UARS animation from BBC
Between now and next weekend, a 20-year-old satellite – the Upper Atmosphere Research Satellite (UARS) – will make an uncontrolled re-entry through the Earth’s atmosphere. Pieces of the 6.5-ton satellite are expected to survive the fiery plunge and hit our planet. Trouble is, no one knows exactly where.
The chances of being hit by a falling satellite are small. Nick Johnson, chief scientist with NASA’s Orbital Debris Program, told Universe Today:
Numerically, it comes out to a chance of one in 3,200 that one person anywhere in the world might be struck by a piece of debris.

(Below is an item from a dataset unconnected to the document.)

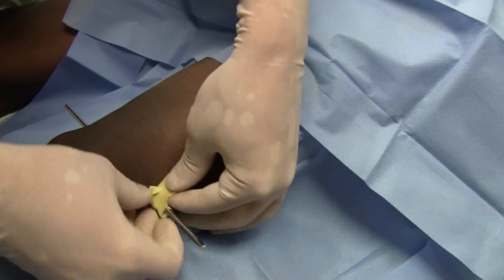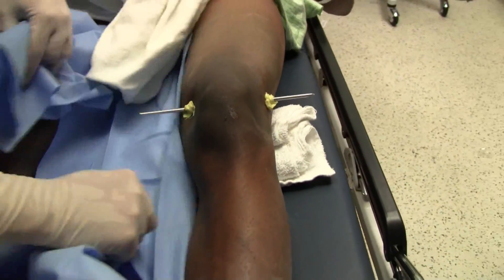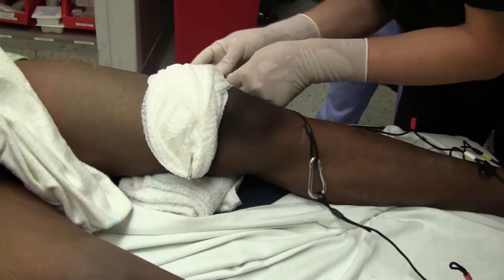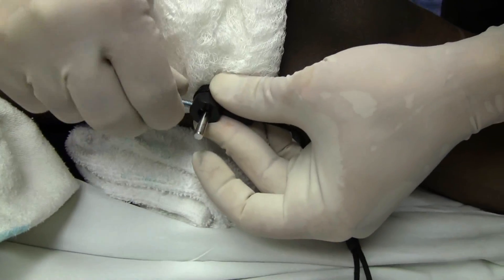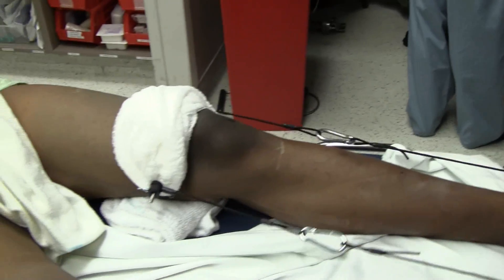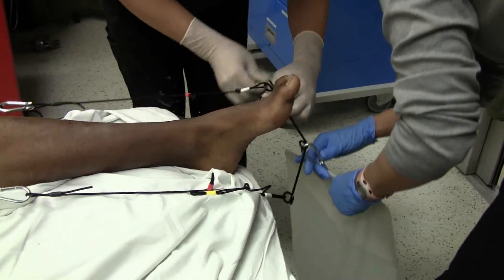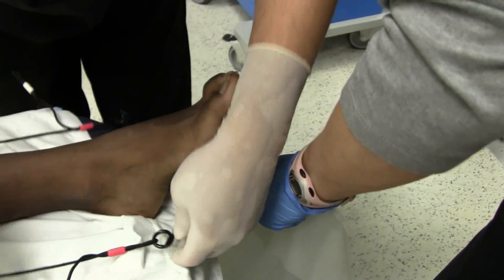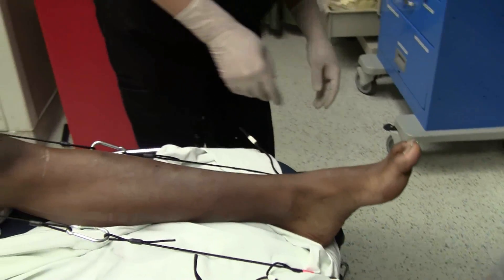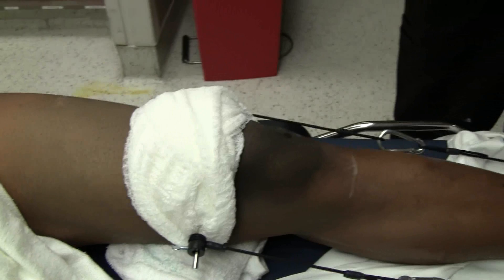It wraps just around the entry and exit points of the pin. A high-strength topical steroid — that's what I would do. The bag is filled with 20 pounds. We're just trying to hold his hip in place, prevent it from displacing.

When you think about the seven billion people on Earth today, you see how vanishingly small the probability of being struck really is. After all, most of Earth is ocean, so chances are UARS will go from the fires of re-entry directly to a watery grave in the ocean depths. It’s also important to note that no injury has ever been caused by orbital debris during the half-century that we humans have been placing objects in Earth orbit.
NASA says the satellite is likely to begin re-entry on September 23, 2011, give or take a day. Hurtling at five miles (eight kilometers) per second, they say it could land anywhere between 57 degrees N. latitude and 57 degrees S. latitude – basically, most of the populated world.
The satellite was launched in 1991 by the space shuttle Discovery. Designed to operate for three years, six of its ten instruments are still functioning, according to NASA’s UARS page. However, the satellite was officially decommissioned in 2005, at the same time that other satellites took over its work.
This isn’t the first time a massive satellite left orbit and made an uncontrolled re-entry back to Earth. In 1979, Skylab re-entered the atmosphere, causing some nail-biting before it finally struck safely in Australia.
Bottom line: Around September 23, 2011, NASA’s Upper Atmosphere Research Satellite (UARS) will make an uncontrolled re-entry through the Earth’s atmosphere. Pieces of the 6.5-ton satellite are expected to survive the fiery plunge through the atmosphere and hit our planet, but the precise location it will strike is unknown. NASA says there is a one in 3,200 chance that a person anywhere in the world might be struck by a piece of debris.